This story stayed with me, and I often wondered what happened between the artist and his muse. Why would a famous painter abandon such a young beauty? Why her reclusiveness over the years? What if he had not abandoned her, but she had abandoned him? I became fascinated as to the truth; not the historical reality of these people, but the fateful consequence of their passion. What fatal secrets were being concealed? What historical events combined to abort such profound love?

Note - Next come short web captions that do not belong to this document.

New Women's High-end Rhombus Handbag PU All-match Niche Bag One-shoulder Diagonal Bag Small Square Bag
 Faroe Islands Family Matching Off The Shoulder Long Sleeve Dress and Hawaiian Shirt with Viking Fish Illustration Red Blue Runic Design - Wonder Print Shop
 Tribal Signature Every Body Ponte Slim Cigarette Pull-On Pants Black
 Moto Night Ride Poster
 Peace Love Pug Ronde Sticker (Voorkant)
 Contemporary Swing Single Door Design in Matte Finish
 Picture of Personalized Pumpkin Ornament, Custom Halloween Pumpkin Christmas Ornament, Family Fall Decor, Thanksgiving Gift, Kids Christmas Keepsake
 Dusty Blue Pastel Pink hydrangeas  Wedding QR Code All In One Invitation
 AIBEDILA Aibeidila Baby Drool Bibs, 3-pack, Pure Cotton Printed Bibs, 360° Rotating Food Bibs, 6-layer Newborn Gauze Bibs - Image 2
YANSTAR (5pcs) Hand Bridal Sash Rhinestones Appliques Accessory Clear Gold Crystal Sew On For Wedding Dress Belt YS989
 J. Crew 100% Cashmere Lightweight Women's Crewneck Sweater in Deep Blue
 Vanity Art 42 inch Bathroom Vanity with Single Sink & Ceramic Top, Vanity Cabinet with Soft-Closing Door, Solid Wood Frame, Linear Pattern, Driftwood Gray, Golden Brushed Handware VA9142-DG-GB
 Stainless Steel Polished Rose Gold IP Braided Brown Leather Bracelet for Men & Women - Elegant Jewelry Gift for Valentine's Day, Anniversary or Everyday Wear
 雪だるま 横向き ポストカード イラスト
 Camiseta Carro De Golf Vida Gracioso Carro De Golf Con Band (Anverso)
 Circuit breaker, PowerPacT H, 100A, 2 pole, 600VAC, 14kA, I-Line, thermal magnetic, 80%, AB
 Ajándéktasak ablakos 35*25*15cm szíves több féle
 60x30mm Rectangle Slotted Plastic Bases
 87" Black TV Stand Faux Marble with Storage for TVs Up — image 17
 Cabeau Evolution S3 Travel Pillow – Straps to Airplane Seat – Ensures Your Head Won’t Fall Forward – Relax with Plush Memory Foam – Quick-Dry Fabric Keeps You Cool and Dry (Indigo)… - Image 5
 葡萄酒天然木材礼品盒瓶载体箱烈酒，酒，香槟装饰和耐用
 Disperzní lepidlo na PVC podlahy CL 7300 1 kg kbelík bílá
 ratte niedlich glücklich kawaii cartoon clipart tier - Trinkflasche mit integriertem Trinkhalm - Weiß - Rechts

During that summer in Provence, I also became fascinated by the story of another woman. She had arrived in France at the turn of the century, an orphan from Russia, her only identity, ironically, was a small crucifix on a chain around her neck (crucifixes were sometimes placed on orphaned children who were smuggled out of Russia during this time to protect them from virulent anti-Semitism). As a young woman, she was active in the French underground during World War II, the only woman in her cell of Resistance fighters. The cell was betrayed, the men shot, and the woman crucified, nails pounded through her hands to the door of the village church. This story fused in my mind with that of the abandoned muse, and together they provided an emotional map for what is now, after ten years of writing, Day of the Bees.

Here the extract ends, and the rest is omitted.